1個所で抜こうとするのではなく、端から端まで順にフレットを締めて行きます。
こんなかんじで、ポロっと取れます。
指板のはがれも最小限ですみました。
続けて、どんどん抜いていきます。
端までタング(フレットの溝にはまる部分)があるのかと思っていたら、何かで埋めてあるようでした。
なので、本来はレスポールのようなギターと同様にタングの端を処理するのが正解だったと思いますが、このあとでやらかします。
一部、指板がフレットと共にはがれたところがありますが、フレットをはめると隠れる部分がほとんどでした。
指板を整えるため、2000番の紙やすりで磨きました。
今までの汚れが落とせました。
外したフレットがこちら。
端の埋まっているところをカッターで除去しようとしたら、塗装が割れました。
タングを処理すればよかったと後悔です。そのうちギターの再塗装もやってみようと思っていたので、まぁいいかと次に進みます。
フレットの打ち込み
フレットは木をあてて叩く方法と、フレットをプラスチックハンマーのようなもの直に叩く方法があります。
当方は前者の当て木作戦でやりました。
家に何かしらよい木材があるだろうと思っていましたが、こんなのしかなかったのでそのまま実施しました。
もう少しサイズが適切なものを使えばよかったと今は思います。
事前に、フレットにRをつけます。ネックのRよりすこしきつめにつけると、端が浮き上がらないでよいと思います。
端が浮くと、フレットの擦り合せがなかなか終わらなくなるので、ここがうまくいくか、いかないかの重要なポイントだと思います。
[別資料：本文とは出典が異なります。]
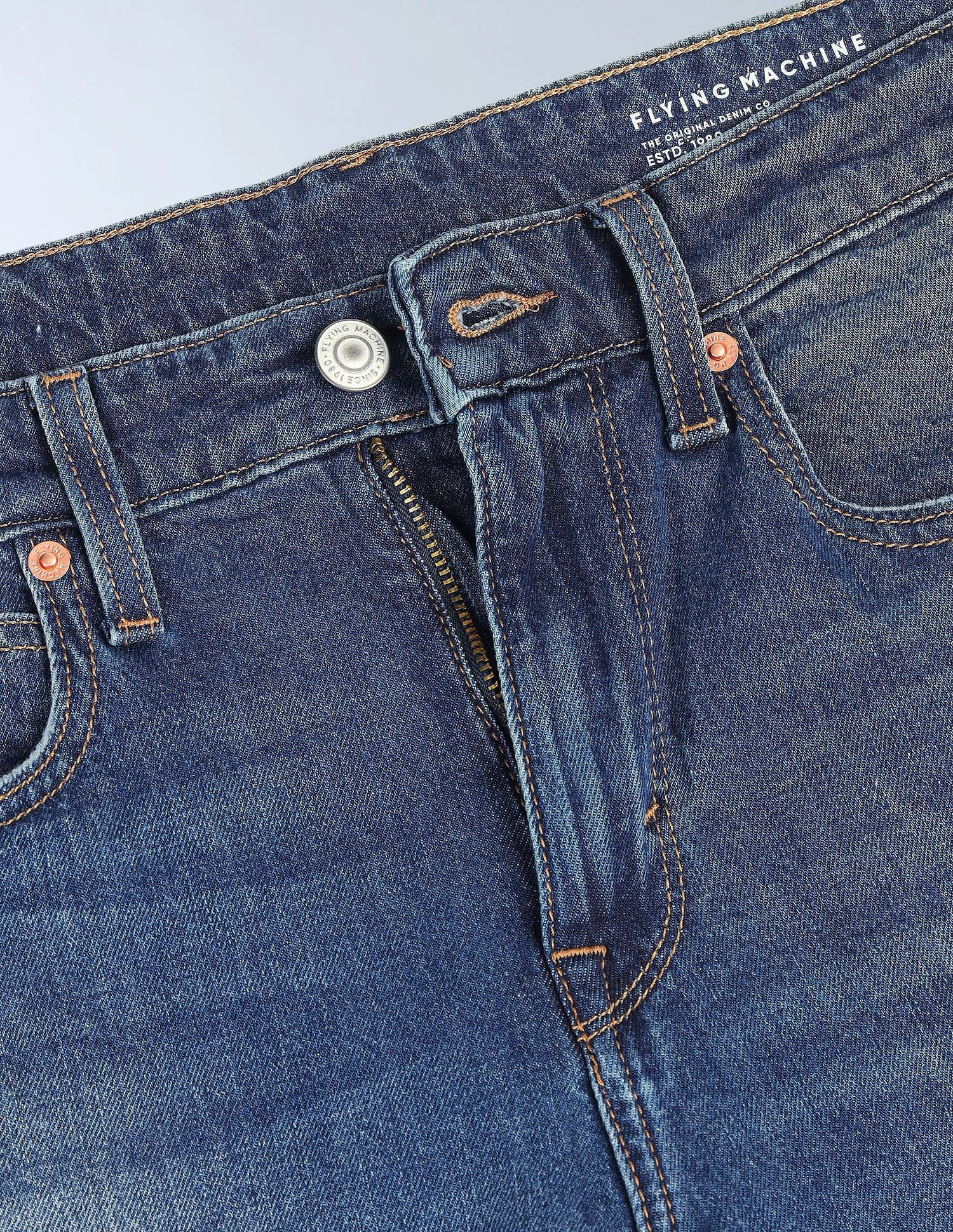 Flying Machine Slash Slim Tapered Fit Blue Jeans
初めはしっかりはめようと、強く叩いていましたが、適切なやりかただと、それほど強く叩く必要はないということがわかりました。
これはやってみないとなかなかわかりませんね。
端が浮かないようにRをつけるのが最重要です。
下記の感じだと、打ち込んだ際に両端が若干もどるので、端が浮いてしまう可能性があります。実際このフレットは後々、低音側が、若干浮いてビビリるようになり、擦り合せで苦労しました。
このギターは22フレットですが、結構大変です。
フレットの端の処理
カッターでフレットのはみ出しているところを切ります。
ギリギリが良いかと思いましたが、つぶれた形状がいけてない状態になるのが何箇所かあり、ちょっと余裕を持って切って、削ったほうがいいのかもしれません。
削る労力とトレードオフですかね。
ステンレスフレットは硬いので、カッターのほうがやられました。
ただ、この状態でもまだ切れますし、カッター自体を研磨すればまだまだ使えそうです。
端の処理ですが、楽をしようとベルトサンダーを持ち出しました。
これは失敗です。真似しないようにしましょう。
削るのは楽ですが、指板の余計な部分を盛大に削ってしまいました。
研磨力の高い電動工具はギターには使わないようしたほうが無難なようです。
ごらんの有様です。手でヤスリで仕上げるのがよさそうです。
手持ちのヤスリは粗すぎて削りにくかったのでリューターに頼りました。
こちらも研磨力があるので、かなり慎重に作業する必要があります。
のちのち塗装するつもりなので、ネックのサイド部分を含めて、紙やすりで研磨してみました。
指板と一緒にフレットの端も処理できました。
多少研磨しましたが、タングの端の部分の塗装割れはもっと削る必要があります。
再塗装時にがんばろうと思いました。
単に削っただけだと、手に引っかかるし、滑らかではありません。
フレットの擦り合わせ
お次はフレットの擦りあわせです。
指板を傷つけないようにマスキングテープで保護します。
金属の定規で確認します。
他に高いところがあるとこんな感じで隙間がでます。
ホームセンターでヤスリ掛けの工具を購入し、800番のヤスリで削ります。
あらかじめ高いところをマジックでしるしをつけて削りました。
この辺はフレットの端が浮いてしまって高くなっています。
個別に削ります。
フレットの端も滑らかに削っていきます。
手をスライドさせても痛くならない程度に磨きます。
箇所も多く、地味でつらい作業です。
仕上げはリューターを使い、バフと青棒で磨きます。
ここは研磨力が低いので、電動工具を使うのが一番楽ですね。
あっという間に磨き完了です。
端もなめらかに仕上がり、鏡面チックになります。
全フレット同じように磨いていきます。
バフはあっという間にボロボロに・・・
予備をいくつか用意しておくのが良いです。
フレットの高さ調整
フレット交換もほぼ終わりかと思っていたら、そうは行きませんでした。
見た目的には結構いけてるですが、弦を張ってみると・・・
フレット打ち込みで端が浮いてしまったところがやはり高く、ビビリます。
もしかしたらギリギリいけると思っていたナットもだめでした。フレットが高くなったせいで、1フレットがビビリます。
全フレットを確認し、ビビリのある箇所をメモります。
レスポールに多い型のブリッジですが、ブリッジを外すことで、弦の張りなおしをせずに再び弦を張ることができます。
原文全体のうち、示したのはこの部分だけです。